In JWST observations, GN-z11 appears to be about 13.4 billion light-years away and is about 100 times smaller than the Milky Way Galaxy. Yet, it has a very bright nucleus, which tells us there’s a black hole at its heart. An accretion disk surrounds the black hole, and it feeds material into the hungry black hole. The motion of the material in the disk heats it, causing it to glow in ultraviolet light. That’s what we see as the active galactic nucleus.
A team of astronomers, led by Cambridge University professor Roberto Maiolino, used the JWST observations to study the motions of material in the galaxy. Finding a black hole like this early in cosmic history is a giant leap forward, he said. “It’s very early in the Universe to see a black hole this massive, so we’ve got to consider other ways they might form,” said Maiolino. “Very early galaxies were extremely gas-rich, so they would have been like a buffet for black holes.”

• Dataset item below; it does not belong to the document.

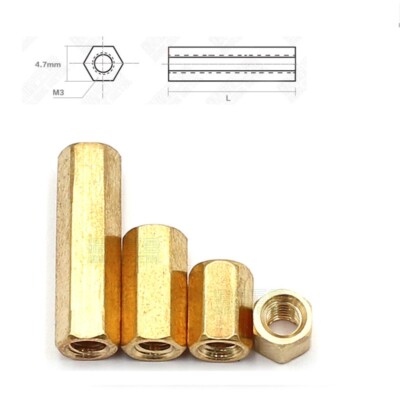 THREADED SLEEVE ROD BAR STUD HEXAGON HEX CONNECTOR NUT LONG NUTS BRASS ALLOY M3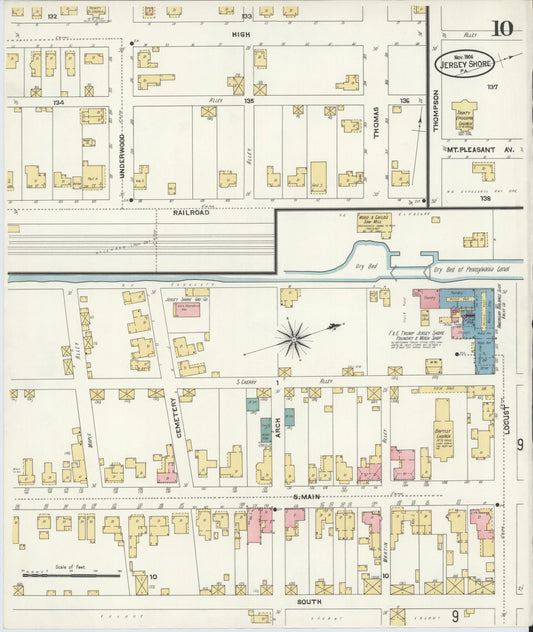 Sanborn Fire Insurance Map from Jersey Shore, Lycoming County, Pennsylvania (1906), Sheet #0010 - Historic Sanborn Fire Insurance Map Print, vintage old map wall art, antique decor, genealogy gift, Pennsylvania Pennsylvania map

What Does GN-z11 Tell Us About Black Holes in the Early Universe?
No one is quite sure exactly when the first black holes began to form in the early Universe. If you look at standard models about their creation, it looks like they take a while to get started. Supermassive black holes—like the ones in the hearts of galaxies—could get started as stellar-mass black holes that continue to accrete matter. If that’s how this one in GN-z11 got started, it would have been born when a supermassive star died. Then, somehow it grew to be 6 million times the mass of the Sun. But, there’s a gotcha. It would take nearly a billion years to accumulate that kind of mass. JWST observations show this black hole at a time when the Universe wasn’t even a billion years old. So, something doesn’t add up and perhaps early black holes grew faster than astronomers suspect.
Maybe there’s another way for a black hole to grow that fast. The hint lies in its enormous appetite. Very early galaxies like this one have a lot of material to form stars. However, that also provides food for black holes. As it turns out, GN-z11’s black hole is devouring matter much faster than other black holes do in their galaxies in more modern times. That’s great for the growth of the black hole, but not so great if the galaxy wants to make more stars.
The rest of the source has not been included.